68 As both parties acknowledge the trial judge made a number of errors in his award of damages, these need to be corrected. In my opinion, however, there should be no reduction for the commutation amount awarded to the appellant. On my calculations the proper award of damages is $18,017.26 calculated as follows: the award of $42,055 for non-economic loss should be reduced to 72.5% of the original award to take into account the appellant’s prospects of success; from that figure Commissioner Grayson’s award of $14,536.62 should then be deducted, leaving a figure of $15,953.26 as the damage to the appellant caused by the respondent’s negligence.
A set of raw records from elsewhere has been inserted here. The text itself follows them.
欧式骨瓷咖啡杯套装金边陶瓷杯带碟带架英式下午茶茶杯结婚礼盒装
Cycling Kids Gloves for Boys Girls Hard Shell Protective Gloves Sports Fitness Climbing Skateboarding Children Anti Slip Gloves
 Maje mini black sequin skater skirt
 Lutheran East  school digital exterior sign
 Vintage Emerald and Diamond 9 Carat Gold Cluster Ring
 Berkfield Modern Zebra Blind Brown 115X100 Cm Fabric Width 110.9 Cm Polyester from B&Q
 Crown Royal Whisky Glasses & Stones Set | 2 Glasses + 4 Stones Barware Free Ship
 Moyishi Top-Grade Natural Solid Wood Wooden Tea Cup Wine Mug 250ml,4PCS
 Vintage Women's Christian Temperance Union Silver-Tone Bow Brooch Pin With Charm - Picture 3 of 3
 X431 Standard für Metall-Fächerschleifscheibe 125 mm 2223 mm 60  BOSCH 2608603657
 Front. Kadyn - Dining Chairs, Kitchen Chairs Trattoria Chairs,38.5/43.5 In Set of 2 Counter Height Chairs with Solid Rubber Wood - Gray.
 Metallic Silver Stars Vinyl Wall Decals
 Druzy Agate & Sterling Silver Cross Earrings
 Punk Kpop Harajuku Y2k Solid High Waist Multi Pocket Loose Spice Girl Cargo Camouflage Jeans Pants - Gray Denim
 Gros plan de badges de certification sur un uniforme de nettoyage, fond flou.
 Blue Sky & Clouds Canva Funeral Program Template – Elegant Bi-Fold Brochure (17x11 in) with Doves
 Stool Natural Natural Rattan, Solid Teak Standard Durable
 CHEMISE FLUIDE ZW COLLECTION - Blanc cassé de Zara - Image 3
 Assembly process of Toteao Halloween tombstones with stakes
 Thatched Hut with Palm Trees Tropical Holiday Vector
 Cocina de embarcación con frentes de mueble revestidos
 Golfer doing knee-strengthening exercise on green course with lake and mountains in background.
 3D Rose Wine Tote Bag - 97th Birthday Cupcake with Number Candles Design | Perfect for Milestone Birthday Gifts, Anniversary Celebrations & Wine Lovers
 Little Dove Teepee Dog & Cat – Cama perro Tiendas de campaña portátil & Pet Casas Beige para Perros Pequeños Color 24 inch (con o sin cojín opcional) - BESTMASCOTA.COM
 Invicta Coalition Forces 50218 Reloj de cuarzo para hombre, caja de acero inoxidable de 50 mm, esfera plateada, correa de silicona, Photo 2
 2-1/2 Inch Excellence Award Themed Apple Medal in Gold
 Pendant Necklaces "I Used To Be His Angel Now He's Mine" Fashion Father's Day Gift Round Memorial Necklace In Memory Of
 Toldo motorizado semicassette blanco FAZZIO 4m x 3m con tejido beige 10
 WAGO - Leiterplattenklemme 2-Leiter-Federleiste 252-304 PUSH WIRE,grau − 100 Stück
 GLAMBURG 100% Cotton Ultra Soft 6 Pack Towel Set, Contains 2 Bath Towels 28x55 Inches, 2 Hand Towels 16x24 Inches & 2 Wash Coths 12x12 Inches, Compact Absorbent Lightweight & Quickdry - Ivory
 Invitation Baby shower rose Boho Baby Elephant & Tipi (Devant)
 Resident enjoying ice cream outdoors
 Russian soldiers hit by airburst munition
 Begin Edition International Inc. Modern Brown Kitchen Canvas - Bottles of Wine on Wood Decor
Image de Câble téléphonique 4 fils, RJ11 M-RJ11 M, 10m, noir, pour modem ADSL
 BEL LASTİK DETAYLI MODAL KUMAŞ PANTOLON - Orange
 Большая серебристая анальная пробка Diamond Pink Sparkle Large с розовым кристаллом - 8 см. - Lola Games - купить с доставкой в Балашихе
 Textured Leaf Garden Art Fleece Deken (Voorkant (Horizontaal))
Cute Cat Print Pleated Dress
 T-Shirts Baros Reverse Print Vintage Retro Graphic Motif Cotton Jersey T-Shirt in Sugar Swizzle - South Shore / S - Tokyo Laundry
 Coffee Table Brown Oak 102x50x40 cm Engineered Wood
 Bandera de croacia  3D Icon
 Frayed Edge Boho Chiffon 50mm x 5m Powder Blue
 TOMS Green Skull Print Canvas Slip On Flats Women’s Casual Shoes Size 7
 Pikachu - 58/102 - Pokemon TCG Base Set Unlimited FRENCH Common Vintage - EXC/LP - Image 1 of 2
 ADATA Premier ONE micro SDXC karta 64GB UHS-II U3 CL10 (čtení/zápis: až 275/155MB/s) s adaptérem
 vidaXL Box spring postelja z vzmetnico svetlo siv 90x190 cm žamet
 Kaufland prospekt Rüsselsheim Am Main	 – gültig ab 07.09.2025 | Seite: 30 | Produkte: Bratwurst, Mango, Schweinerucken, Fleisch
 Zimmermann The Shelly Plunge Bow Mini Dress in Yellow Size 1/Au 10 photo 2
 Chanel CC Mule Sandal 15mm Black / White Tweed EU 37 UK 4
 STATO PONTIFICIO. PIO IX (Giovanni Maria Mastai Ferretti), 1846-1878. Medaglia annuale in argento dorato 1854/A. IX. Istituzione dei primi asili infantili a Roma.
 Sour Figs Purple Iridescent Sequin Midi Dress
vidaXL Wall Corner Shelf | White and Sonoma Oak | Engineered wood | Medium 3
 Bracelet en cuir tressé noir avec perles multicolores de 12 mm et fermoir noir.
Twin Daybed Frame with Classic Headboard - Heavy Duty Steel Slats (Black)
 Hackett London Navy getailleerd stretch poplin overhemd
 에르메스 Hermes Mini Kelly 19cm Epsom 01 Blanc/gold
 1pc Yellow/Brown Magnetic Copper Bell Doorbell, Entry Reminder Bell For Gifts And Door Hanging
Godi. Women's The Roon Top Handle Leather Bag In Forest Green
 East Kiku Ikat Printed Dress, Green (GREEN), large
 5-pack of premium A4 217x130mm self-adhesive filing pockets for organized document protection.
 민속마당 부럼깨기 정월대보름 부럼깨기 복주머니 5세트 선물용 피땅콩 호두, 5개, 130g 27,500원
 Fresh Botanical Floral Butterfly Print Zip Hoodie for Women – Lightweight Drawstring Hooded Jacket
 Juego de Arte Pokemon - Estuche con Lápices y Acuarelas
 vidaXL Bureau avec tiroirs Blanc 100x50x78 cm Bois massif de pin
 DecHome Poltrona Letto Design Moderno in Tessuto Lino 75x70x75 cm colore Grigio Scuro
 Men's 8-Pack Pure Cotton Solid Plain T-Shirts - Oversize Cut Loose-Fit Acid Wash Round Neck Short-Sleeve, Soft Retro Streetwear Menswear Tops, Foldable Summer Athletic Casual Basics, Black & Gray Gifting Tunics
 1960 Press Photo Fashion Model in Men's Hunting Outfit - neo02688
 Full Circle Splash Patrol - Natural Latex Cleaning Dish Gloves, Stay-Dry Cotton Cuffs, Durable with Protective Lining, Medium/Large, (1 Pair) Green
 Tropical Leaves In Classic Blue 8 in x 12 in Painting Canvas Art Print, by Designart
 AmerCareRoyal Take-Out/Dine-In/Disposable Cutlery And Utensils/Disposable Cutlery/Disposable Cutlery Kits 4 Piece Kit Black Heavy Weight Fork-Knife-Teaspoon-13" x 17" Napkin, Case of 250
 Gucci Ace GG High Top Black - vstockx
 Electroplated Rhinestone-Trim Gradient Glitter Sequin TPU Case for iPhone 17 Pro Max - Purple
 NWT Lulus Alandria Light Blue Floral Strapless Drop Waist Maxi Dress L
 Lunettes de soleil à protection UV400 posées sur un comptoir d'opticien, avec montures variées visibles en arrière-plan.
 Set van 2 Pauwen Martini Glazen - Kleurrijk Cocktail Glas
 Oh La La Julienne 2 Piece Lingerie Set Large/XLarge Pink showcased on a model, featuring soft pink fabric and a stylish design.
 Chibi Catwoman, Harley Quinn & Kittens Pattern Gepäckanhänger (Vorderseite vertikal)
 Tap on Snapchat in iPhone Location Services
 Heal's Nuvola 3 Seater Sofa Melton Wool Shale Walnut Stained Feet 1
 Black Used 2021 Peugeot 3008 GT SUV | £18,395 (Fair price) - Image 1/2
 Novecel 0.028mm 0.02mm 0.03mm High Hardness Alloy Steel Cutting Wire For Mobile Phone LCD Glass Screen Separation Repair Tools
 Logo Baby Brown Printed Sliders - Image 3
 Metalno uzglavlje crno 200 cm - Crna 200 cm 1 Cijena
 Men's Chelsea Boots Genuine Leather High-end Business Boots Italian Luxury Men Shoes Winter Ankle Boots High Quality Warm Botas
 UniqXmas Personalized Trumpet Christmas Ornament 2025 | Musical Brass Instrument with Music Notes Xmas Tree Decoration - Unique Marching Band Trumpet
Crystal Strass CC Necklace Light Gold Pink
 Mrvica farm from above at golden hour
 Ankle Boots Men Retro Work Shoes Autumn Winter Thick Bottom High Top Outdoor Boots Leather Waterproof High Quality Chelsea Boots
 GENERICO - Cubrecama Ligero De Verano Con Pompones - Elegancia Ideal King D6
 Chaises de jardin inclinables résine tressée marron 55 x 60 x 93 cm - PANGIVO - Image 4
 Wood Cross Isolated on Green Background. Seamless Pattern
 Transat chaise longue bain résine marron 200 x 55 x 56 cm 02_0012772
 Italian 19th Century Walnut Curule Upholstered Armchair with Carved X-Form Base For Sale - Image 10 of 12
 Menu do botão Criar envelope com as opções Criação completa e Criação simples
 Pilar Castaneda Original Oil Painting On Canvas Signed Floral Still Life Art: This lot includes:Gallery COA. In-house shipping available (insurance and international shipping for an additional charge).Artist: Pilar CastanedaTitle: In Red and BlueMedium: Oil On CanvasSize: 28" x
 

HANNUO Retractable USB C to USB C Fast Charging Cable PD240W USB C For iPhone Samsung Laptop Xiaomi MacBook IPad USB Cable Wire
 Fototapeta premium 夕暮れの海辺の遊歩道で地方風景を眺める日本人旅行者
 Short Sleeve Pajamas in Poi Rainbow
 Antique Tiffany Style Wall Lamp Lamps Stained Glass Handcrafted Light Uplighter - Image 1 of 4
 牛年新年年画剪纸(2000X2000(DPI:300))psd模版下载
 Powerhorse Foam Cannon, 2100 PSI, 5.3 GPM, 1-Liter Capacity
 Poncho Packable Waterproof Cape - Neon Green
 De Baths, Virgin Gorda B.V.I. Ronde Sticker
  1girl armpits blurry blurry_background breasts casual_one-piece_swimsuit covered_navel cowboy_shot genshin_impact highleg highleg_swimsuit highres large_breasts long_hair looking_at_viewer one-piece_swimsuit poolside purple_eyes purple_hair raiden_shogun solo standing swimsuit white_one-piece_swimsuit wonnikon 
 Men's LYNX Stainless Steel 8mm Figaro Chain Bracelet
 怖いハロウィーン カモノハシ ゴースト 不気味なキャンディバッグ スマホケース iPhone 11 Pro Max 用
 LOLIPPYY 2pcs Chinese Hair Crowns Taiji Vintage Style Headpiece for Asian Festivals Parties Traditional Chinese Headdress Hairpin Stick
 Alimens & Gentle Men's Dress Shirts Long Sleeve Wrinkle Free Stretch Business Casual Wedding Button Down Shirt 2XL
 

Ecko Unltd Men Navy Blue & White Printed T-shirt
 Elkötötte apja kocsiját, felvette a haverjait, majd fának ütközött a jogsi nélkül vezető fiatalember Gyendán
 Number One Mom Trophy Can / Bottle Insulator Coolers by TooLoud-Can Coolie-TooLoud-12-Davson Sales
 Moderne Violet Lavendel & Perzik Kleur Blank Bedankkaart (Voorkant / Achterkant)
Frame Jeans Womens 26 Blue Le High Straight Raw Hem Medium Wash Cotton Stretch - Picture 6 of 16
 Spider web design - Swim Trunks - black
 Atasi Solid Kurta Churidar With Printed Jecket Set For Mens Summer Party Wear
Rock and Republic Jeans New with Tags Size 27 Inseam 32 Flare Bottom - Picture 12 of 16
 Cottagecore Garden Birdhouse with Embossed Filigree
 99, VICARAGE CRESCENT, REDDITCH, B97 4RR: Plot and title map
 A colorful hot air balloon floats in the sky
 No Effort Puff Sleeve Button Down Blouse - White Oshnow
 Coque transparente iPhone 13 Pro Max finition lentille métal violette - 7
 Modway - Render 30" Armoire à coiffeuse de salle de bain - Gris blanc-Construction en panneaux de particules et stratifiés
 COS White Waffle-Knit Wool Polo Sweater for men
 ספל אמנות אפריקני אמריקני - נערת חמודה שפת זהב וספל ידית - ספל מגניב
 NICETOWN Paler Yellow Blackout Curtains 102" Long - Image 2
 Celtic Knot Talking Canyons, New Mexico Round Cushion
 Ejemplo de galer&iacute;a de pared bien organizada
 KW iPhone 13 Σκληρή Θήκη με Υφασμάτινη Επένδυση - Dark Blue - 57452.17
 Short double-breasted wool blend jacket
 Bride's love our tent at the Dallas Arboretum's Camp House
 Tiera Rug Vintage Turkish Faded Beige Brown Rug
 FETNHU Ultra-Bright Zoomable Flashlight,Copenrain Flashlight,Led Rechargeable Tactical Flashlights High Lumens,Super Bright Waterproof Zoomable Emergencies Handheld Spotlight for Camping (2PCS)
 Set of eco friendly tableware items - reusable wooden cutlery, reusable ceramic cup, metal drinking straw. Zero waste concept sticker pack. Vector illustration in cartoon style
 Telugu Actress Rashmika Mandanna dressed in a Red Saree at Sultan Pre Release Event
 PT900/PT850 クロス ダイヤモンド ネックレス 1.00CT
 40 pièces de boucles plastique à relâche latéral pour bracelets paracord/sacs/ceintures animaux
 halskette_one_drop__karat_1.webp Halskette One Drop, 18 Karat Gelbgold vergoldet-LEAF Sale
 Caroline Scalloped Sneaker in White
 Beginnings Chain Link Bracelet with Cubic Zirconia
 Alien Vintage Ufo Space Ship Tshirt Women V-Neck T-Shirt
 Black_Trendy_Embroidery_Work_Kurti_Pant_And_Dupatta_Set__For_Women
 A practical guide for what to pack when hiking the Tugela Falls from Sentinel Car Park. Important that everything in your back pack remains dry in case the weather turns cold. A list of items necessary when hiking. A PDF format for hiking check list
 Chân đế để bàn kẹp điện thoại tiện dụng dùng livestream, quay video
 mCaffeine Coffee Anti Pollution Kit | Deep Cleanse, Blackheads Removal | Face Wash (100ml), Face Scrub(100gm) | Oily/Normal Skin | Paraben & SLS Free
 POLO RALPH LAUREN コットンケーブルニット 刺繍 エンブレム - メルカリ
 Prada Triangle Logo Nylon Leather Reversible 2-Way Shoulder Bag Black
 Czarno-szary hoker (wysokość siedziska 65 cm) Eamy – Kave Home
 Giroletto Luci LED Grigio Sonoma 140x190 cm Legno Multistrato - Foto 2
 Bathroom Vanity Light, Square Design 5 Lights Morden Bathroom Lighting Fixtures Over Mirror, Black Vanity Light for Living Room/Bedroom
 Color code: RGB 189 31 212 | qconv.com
69 I propose the following orders:


      1) Appeal allowed;

      2) Set aside the judgment of Bell DCJ of 26 July 2002;

      3) In lieu thereof enter verdict and judgment for the appellant in the sum of $15,953.26;

      4) The respondent is to pay the costs of the proceedings below and of the appeal and to have with respect to the latter a certificate under the Suitors Fund Act, if applicable.

70 TOBIAS JA: I agree with Beazley JA

71 DAVIES AJA: I agree with Beazley JA and with the orders proposed.

72 I should add that I suspect that, if Ms Dunn had been advised as to the prospects of a common law claim, she would have been advised that the prospects of recovering substantial damages were so small and the costs and difficulties of a common law trial so great that common law proceedings ought not to be instituted. I suspect that Ms Dunn would have heeded that advice.

73 However, no challenge was made to the ruling of the trial Judge that common law proceedings would have been instituted if the prospects of establishing liability were 50% or more.

74 Ms Dunn is therefore entitled to the damages which Beazley JA has assessed.